Fri, Mar 12, 2010 : 2:35 p.m.

This story indicates the business may come to town, not that it will. Let us hope the township grants the tax abatement...the jobs are needed, and the lower taxes are an important and perhaps crucial incentive for the company.


Fri, Mar 12, 2010 : 2:27 p.m.

^uawisok, the story says they cut 40% of their *North American* workforce. NAFTA only applies to North America, so how can you blame NAFTA for this? They didn't send the jobs to Mexico or Canada. If they didn't just cut the payroll entirely, they shifted the jobs outside North America.


Fri, Mar 12, 2010 : 1:41 p.m.

" It closed 17 manufacturing facilities from 2006-2008. It cut employment by 23,000, or 40 percent of the North American workforce, during the same timeframe." Thank You NAFTA!!!


Fri, Mar 12, 2010 : 12:59 p.m.

Happy to see new jobs added to the Ann Arbor area!

David Rhoads

Fri, Mar 12, 2010 : 12:14 p.m.

MASCO Cabinetry will be a great addition to the Ann Arbor area.

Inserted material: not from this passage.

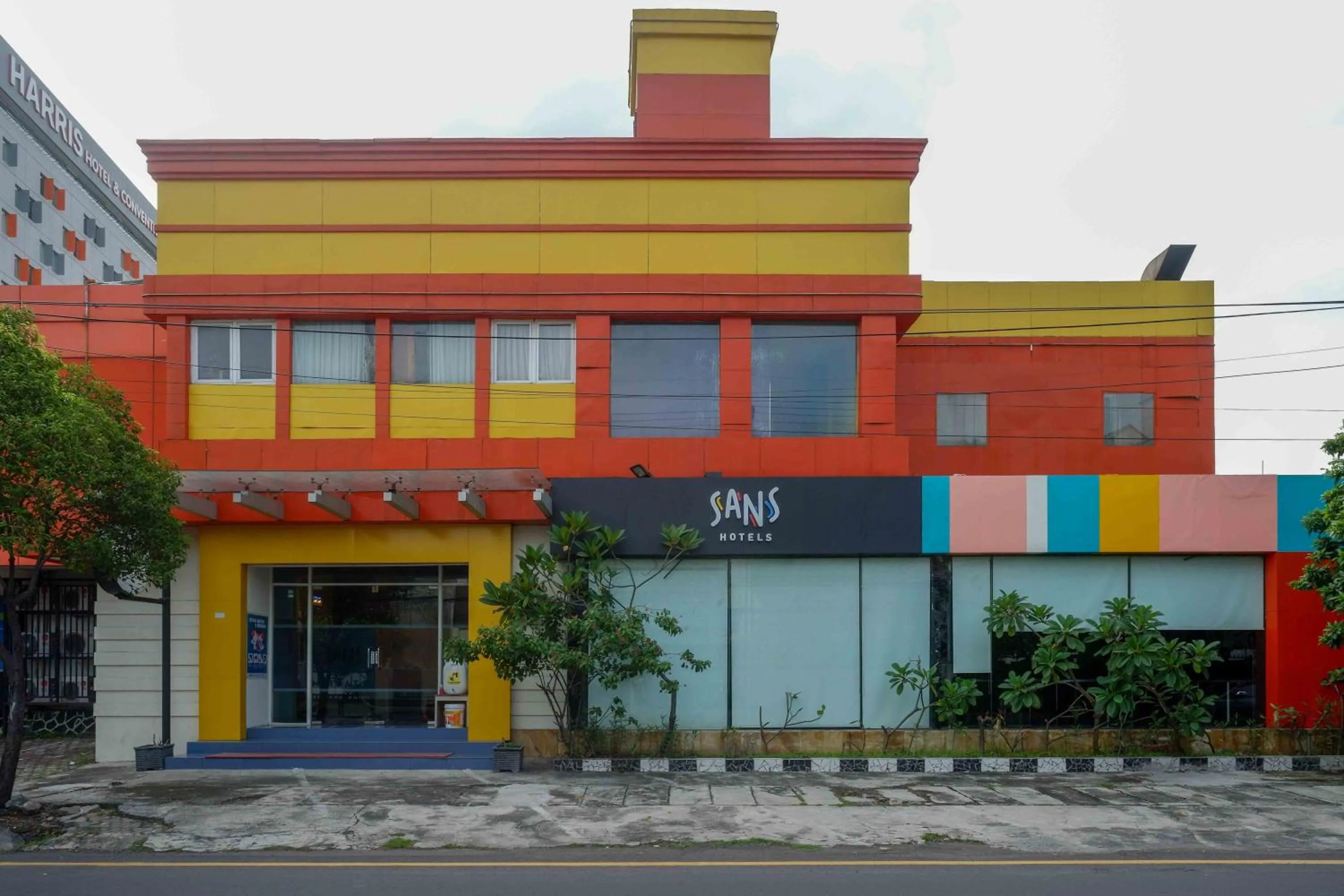 Facade/entrance in Sans Hotel International Surabaya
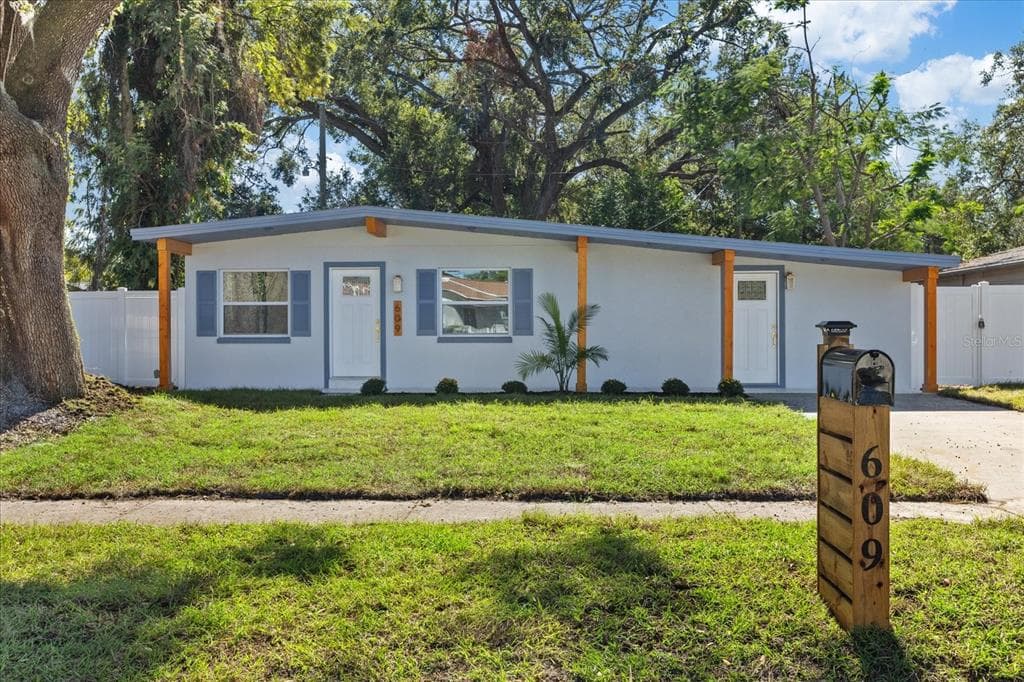 609 FAIRMONT DRIVE BRANDON, FL 33511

I have used many of their products in my remodeling company, Homeowner Services of America (HSA), over my 25 years in business and have always found them to provide good value. Welcome MASCO.


Fri, Mar 12, 2010 : noon

Too bad the closing of Merillat original plant in Adrian and it's corporate offices also in Adrian, Founder Orville Merillat is probably rolling in his grave. His heirs couldn't wait to sell out to Masco and cash in on all the Orville and Ruth's hard work....well I guess some of the folks who are left will have to commute from Adrian.

Theresa Taylor

Fri, Mar 12, 2010 : 10:58 a.m.



Fri, Mar 12, 2010 : 10:40 a.m.

Glad to see this addition to the local economy.